======== Exercise material

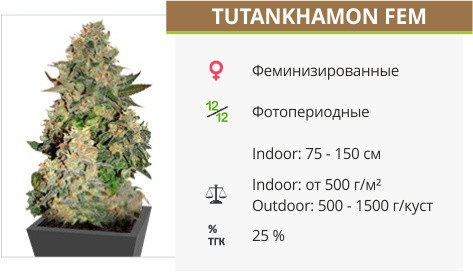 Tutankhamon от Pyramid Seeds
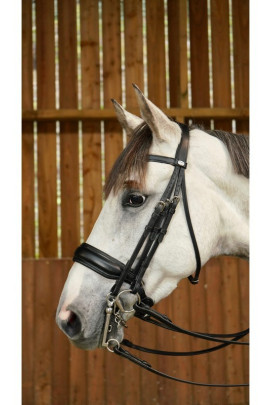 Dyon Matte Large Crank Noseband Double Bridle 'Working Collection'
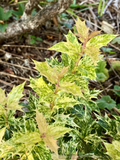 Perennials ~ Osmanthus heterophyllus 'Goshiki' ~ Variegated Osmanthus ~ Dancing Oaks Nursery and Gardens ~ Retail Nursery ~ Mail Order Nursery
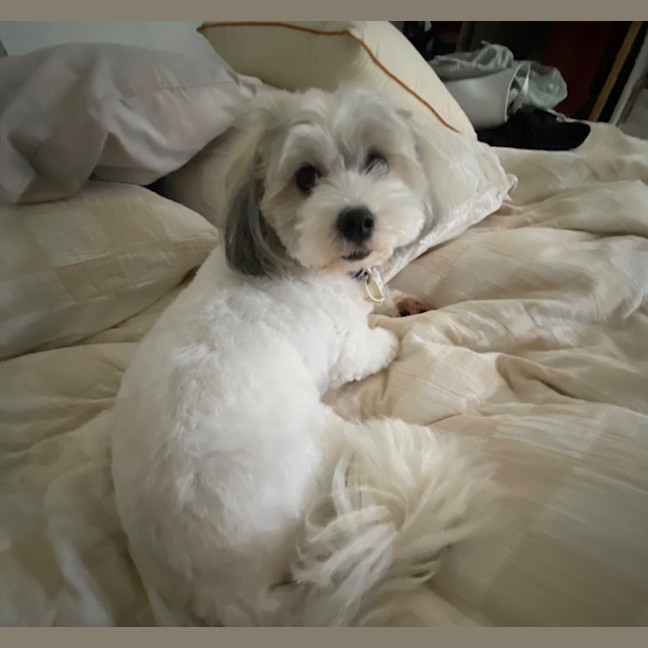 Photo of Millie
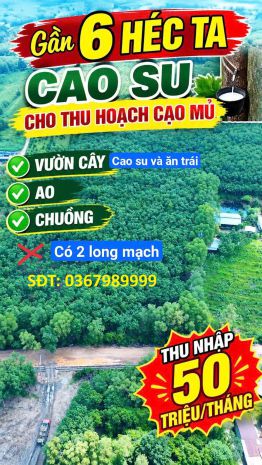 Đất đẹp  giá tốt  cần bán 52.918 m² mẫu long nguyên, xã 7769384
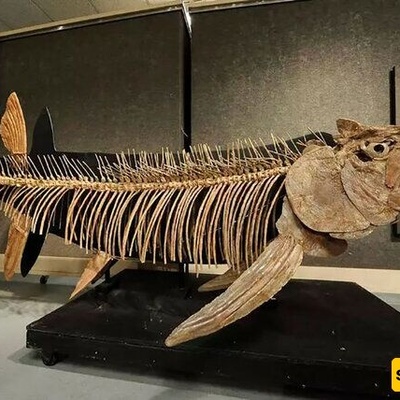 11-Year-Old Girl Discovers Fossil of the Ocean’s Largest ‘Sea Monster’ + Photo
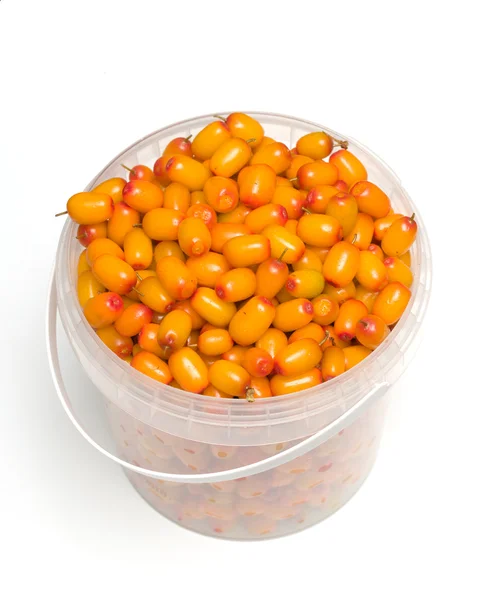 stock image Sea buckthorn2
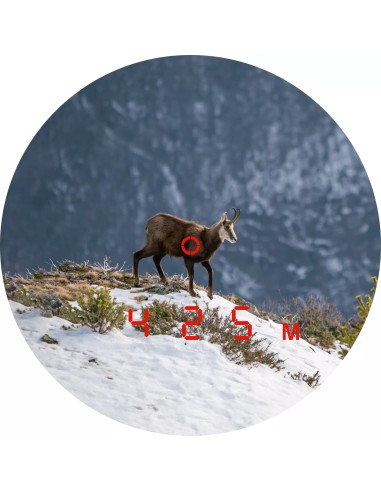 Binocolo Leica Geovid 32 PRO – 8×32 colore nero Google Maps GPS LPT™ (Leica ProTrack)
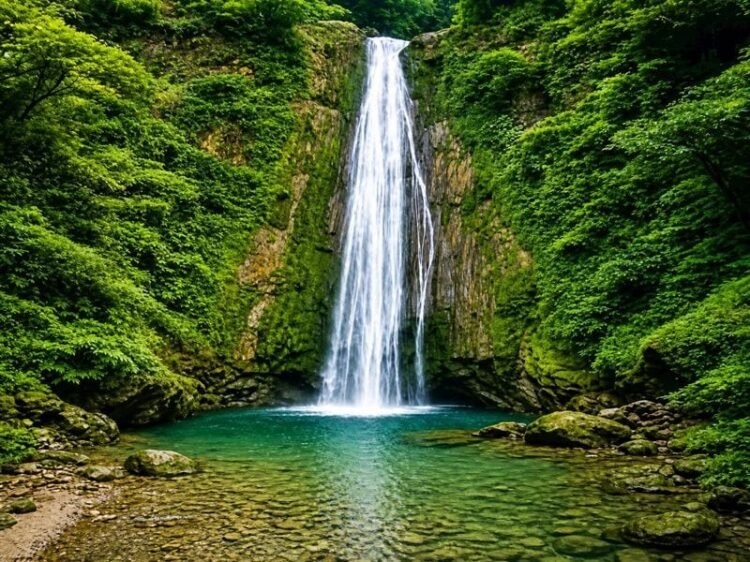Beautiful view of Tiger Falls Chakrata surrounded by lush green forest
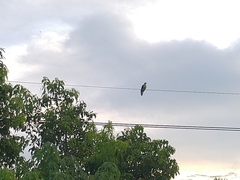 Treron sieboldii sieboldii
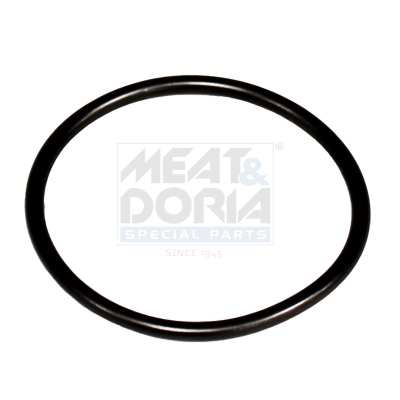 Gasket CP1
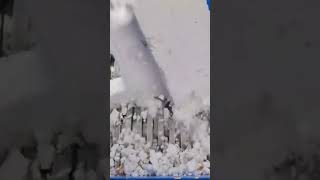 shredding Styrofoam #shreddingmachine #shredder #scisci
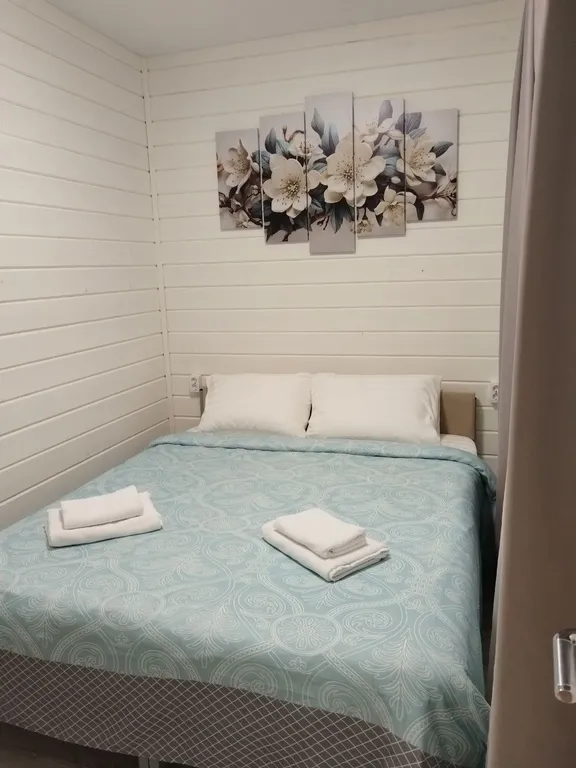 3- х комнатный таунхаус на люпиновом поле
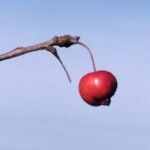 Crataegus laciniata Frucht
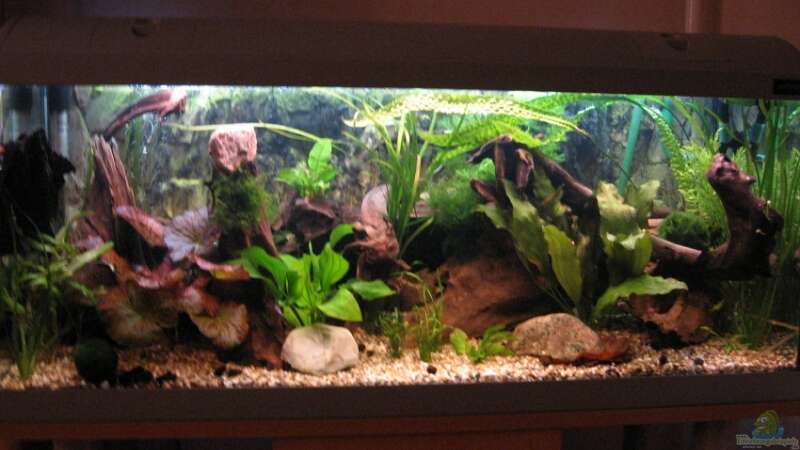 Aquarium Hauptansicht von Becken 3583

================
======== Exercise material

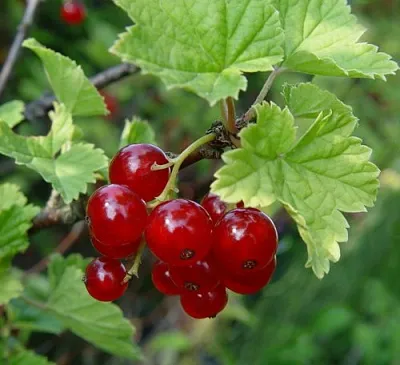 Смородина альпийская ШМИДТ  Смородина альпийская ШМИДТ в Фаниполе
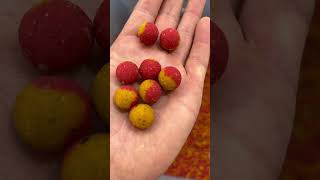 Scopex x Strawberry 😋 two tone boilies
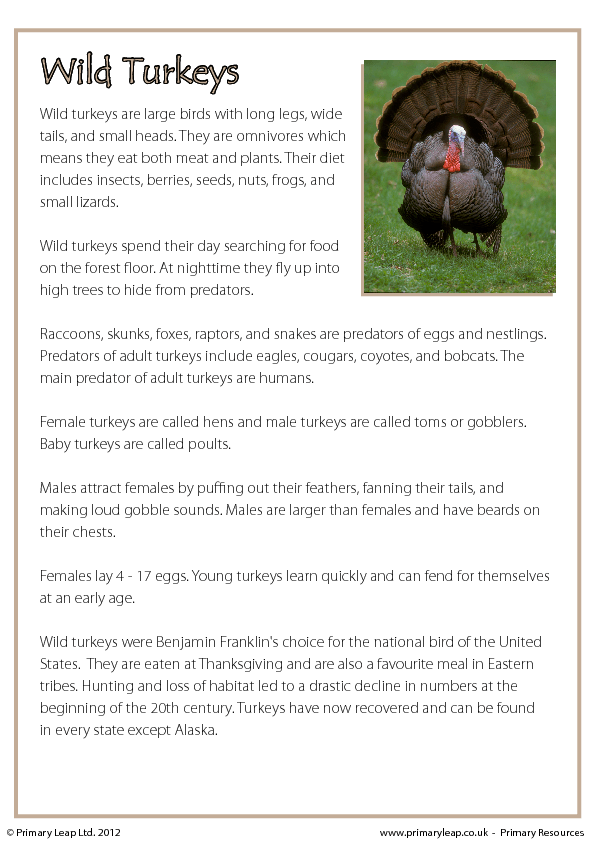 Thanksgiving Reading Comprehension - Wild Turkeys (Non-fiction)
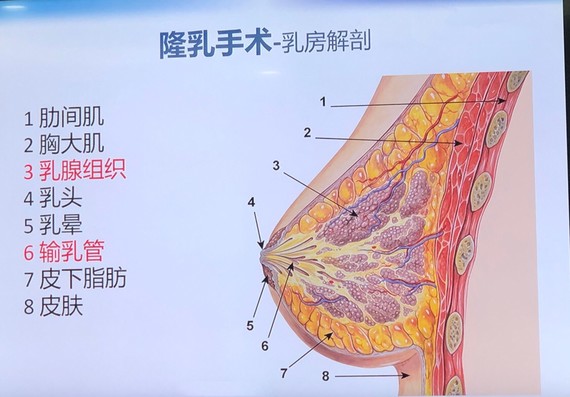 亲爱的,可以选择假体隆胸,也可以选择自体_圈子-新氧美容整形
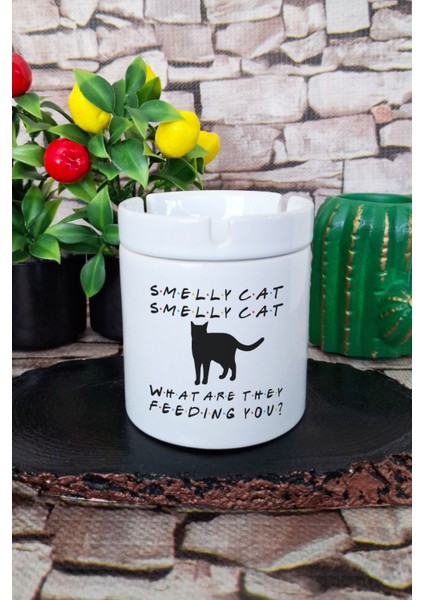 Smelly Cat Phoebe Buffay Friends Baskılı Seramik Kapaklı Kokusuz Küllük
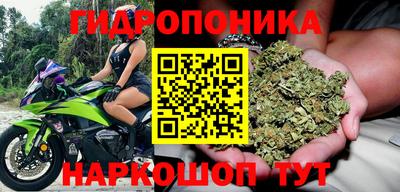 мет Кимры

================
======== Exercise material

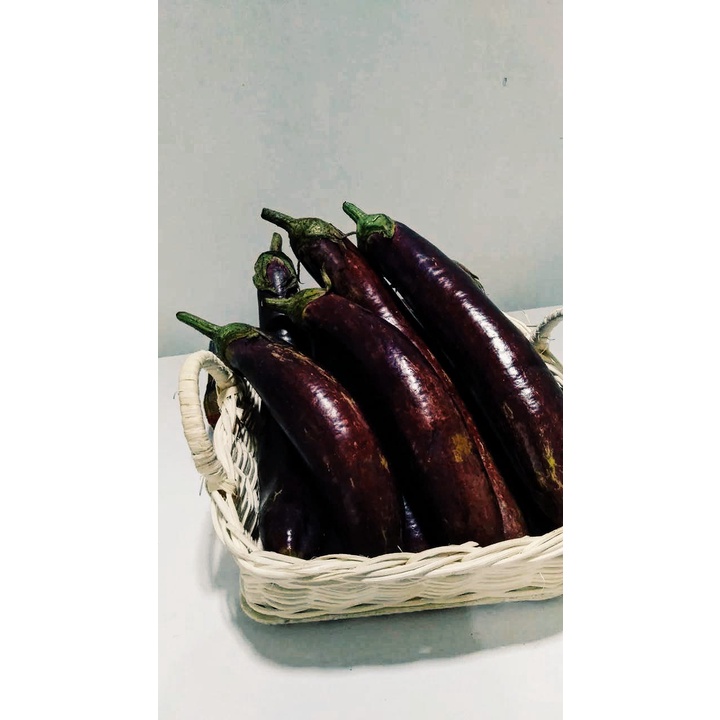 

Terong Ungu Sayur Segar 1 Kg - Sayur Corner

================

# What to work on
Reproduce, word for word, only the lines in the records above from the line with "11-Year-Old Girl Discovers" through the line with "Aquarium Hauptansicht von Becken 3583", including both ends; omit the pictures.

# Written response
 11-Year-Old Girl Discovers Fossil of the Ocean’s Largest ‘Sea Monster’ + Photo
 stock image Sea buckthorn2
 Binocolo Leica Geovid 32 PRO – 8×32 colore nero Google Maps GPS LPT™ (Leica ProTrack)
Beautiful view of Tiger Falls Chakrata surrounded by lush green forest
 Treron sieboldii sieboldii
 Gasket CP1
 shredding Styrofoam #shreddingmachine #shredder #scisci
 3- х комнатный таунхаус на люпиновом поле
 Crataegus laciniata Frucht
 Aquarium Hauptansicht von Becken 3583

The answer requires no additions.